A recent birthday was all the excuse we needed to pay a return visit to one of our favourite Italian eateries, Buca Osteria/ Enoteca in King West. On previous occasions we'd found it impossible to pass over the pizza, and had always sworn that next time we'd try the pasta, for which they're quite renowned. As luck would have it, we'd indulged in our own home made pizza the evening before, so on this night we were both game for some noodles.
Of course, one can't visit Buca without first rewarding Chef Rob Gentile for all his hard work in the house salumeria, so we kicked things off with a couple of glasses of lovely prosecco and a 5 Salumi Platter. The platter, as always, presents an array of cured meats ranging in texture, fattiness, spiciness, and of course, flavour. And we dare any of you to remember the names of the salumi a day after your visit (no stealing of menus allowed!) Here's our best effort:
- salsiccine- dark, hard, spicy, delicious bits
- sopresetta- you know this one- elongated cross section, firm and pliant, picant, and delicious
- something round, smaller, softer in texture, moist yet seemingly less fatty,...and delicious
- something prosciutto-like, a bit pale in colour, melts in your mouth, delicious
- something else prosciutto-like, darker in colour, doubly delicious
The platter also serves up 3 condiments to compliment the cured meats, in our case a very red pickled radish dice, tiny slices of pickled asparagus, and some paper thin rounds of pickled scape. Each is served in a wee bowl, each has its own distinct ratio of brine to sugar, and each in its own way magnifies the deliciousness of the already delicious salumi!

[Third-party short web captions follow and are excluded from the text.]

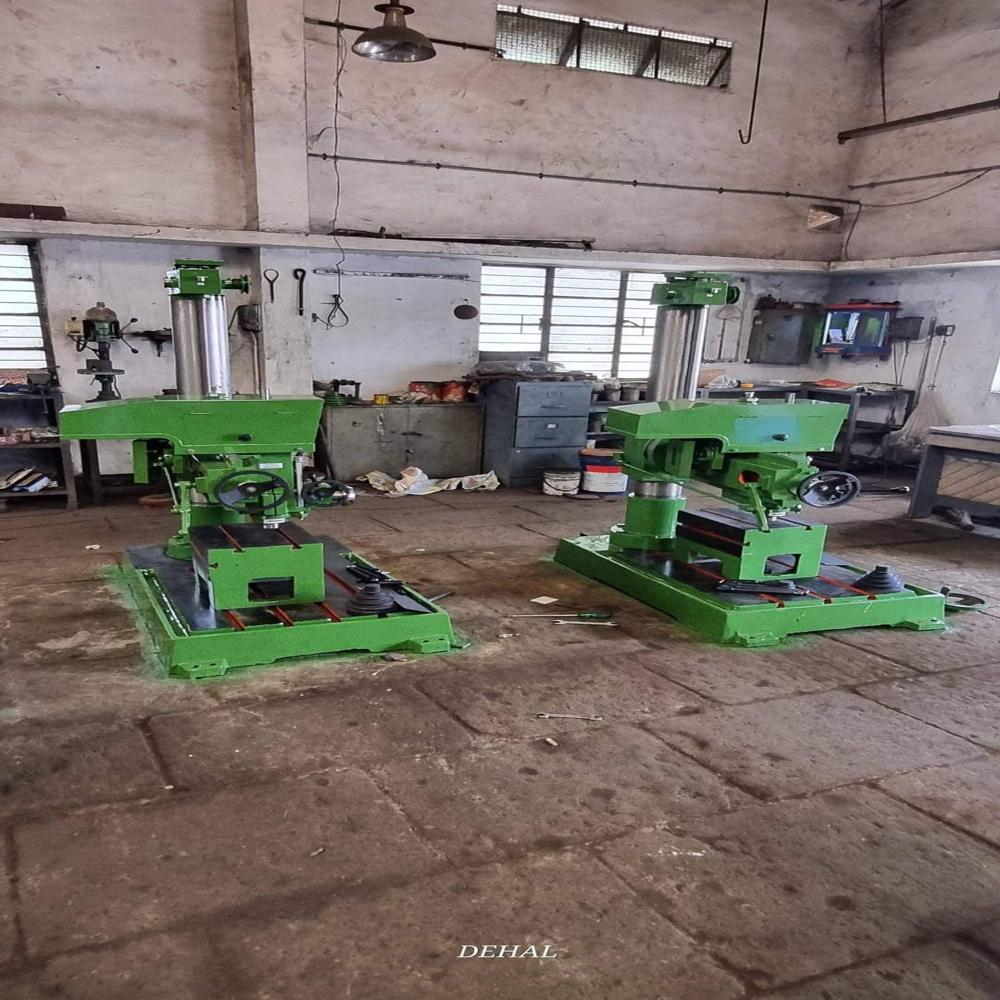 Industrial Radial Drilling Machine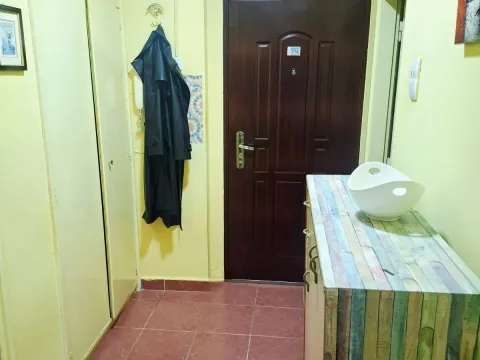 Rent, one bedroom apartment, 50m², Podgorica, Crna Gora - image 8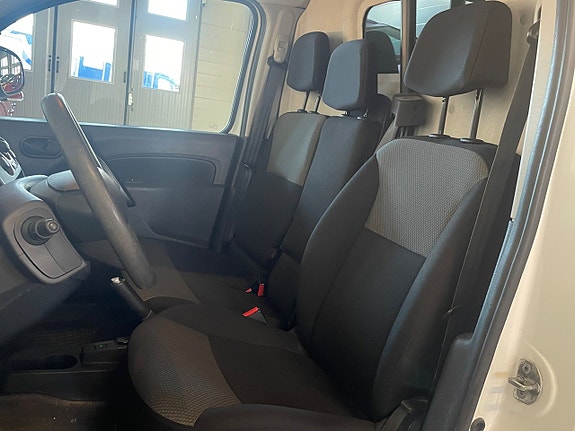 Renault Kangoo Express 28 of 30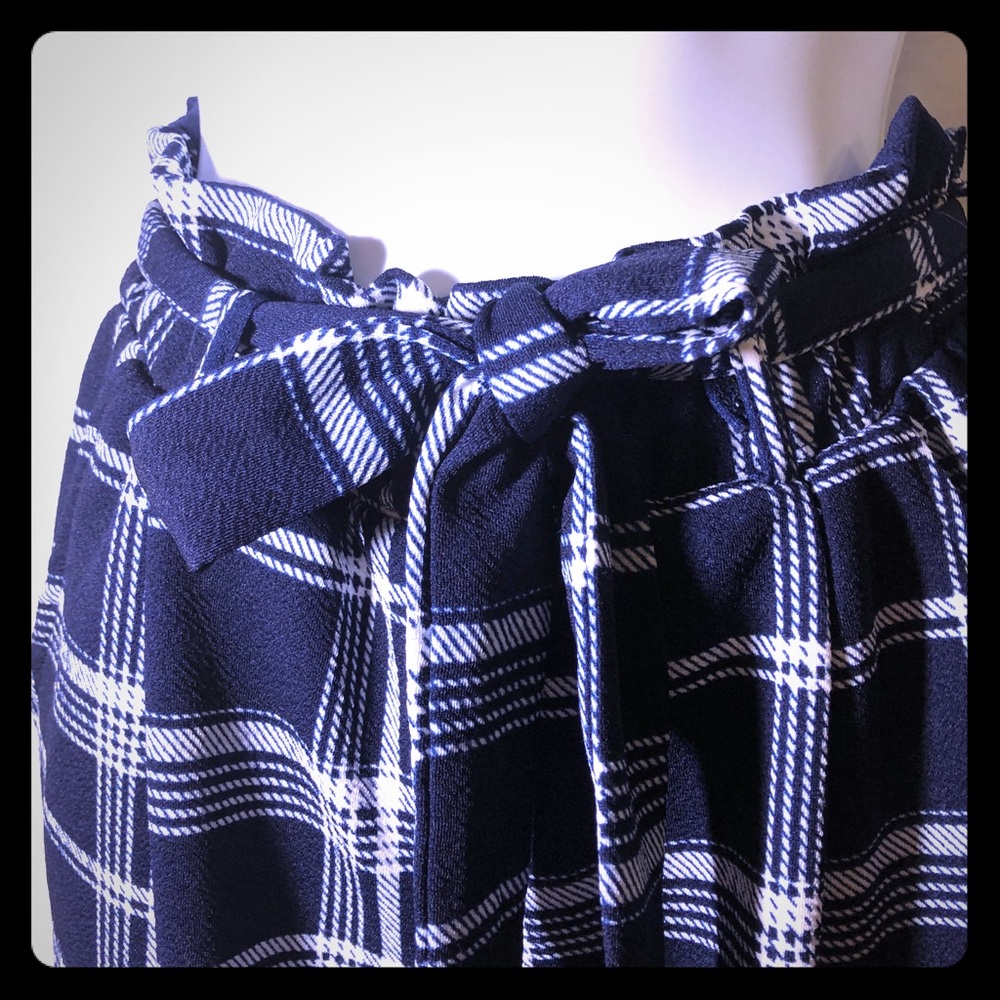 Hot kiss blue and white plaid pants with belt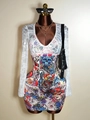 Vestido ajustado con mangas de encaje y estampado rockero de calaveras y rosas - S / Multicolor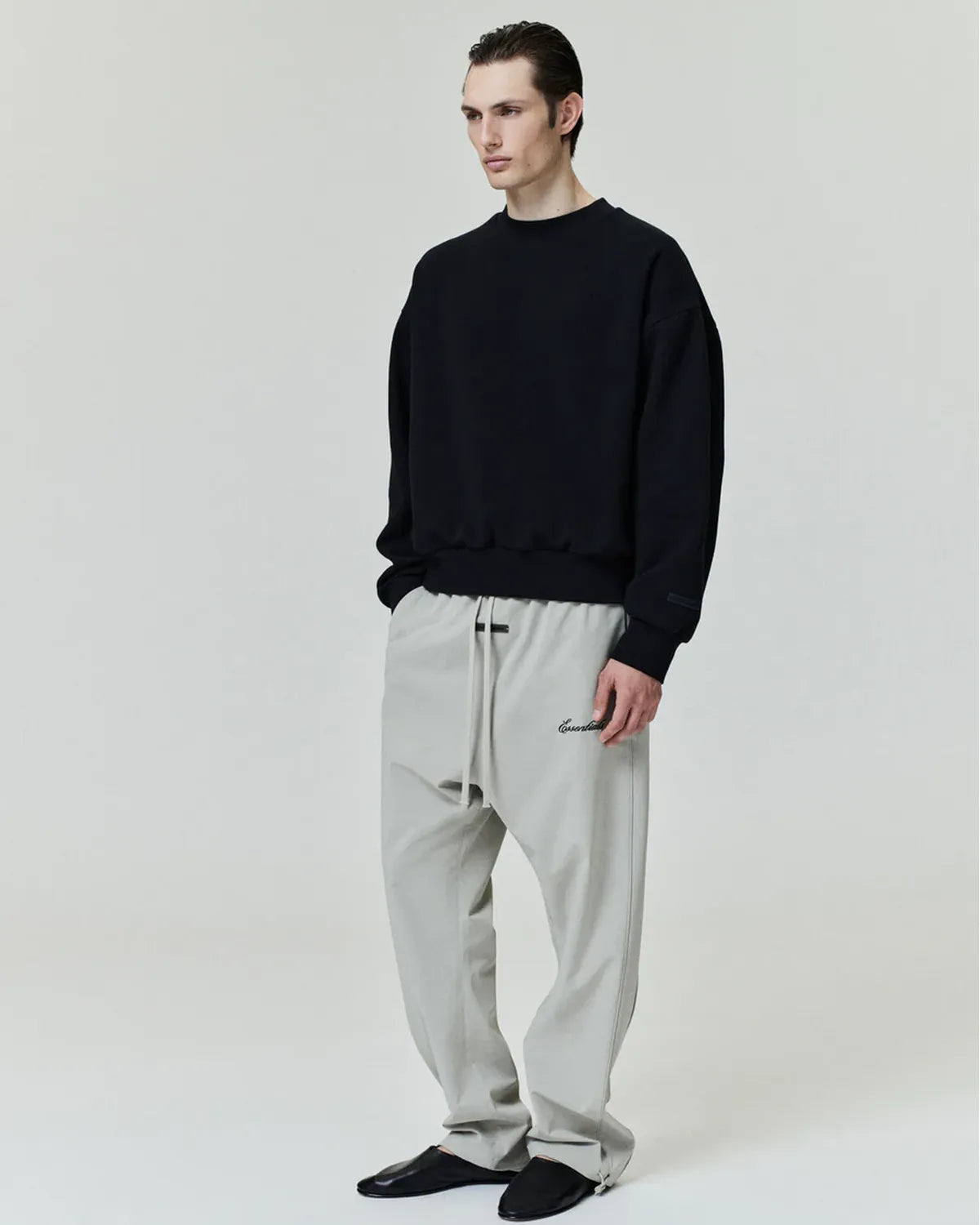 ESSENTIALS / CLASSIC FIT FLEECE CREWNECK (192SP252040F)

Did we mention that everything was delicious?!
Photo of 3 salumi platter courtesy Sifu Renka on Flickr
A wine we'd enjoyed on a couple of previous visits is no longer on the list, so our server helped us find a suitable alternative that would pair nicely with our dinner choices. His suggestion was Mutro' from producer Val di Neto in Italy's southern Calabria region. It proved to be delightful.
On to the pasta! Jay chose the daily Orecchiette: on this night a bowl of house made pasta "ears" served with cherry tomatoes, crispy fried zucchini blossoms, a huge portion of chunked Nova Scotia lobster, and finished with Ottawa Valley butter and summer herbs. Light yet sumptuous, this dish was superb!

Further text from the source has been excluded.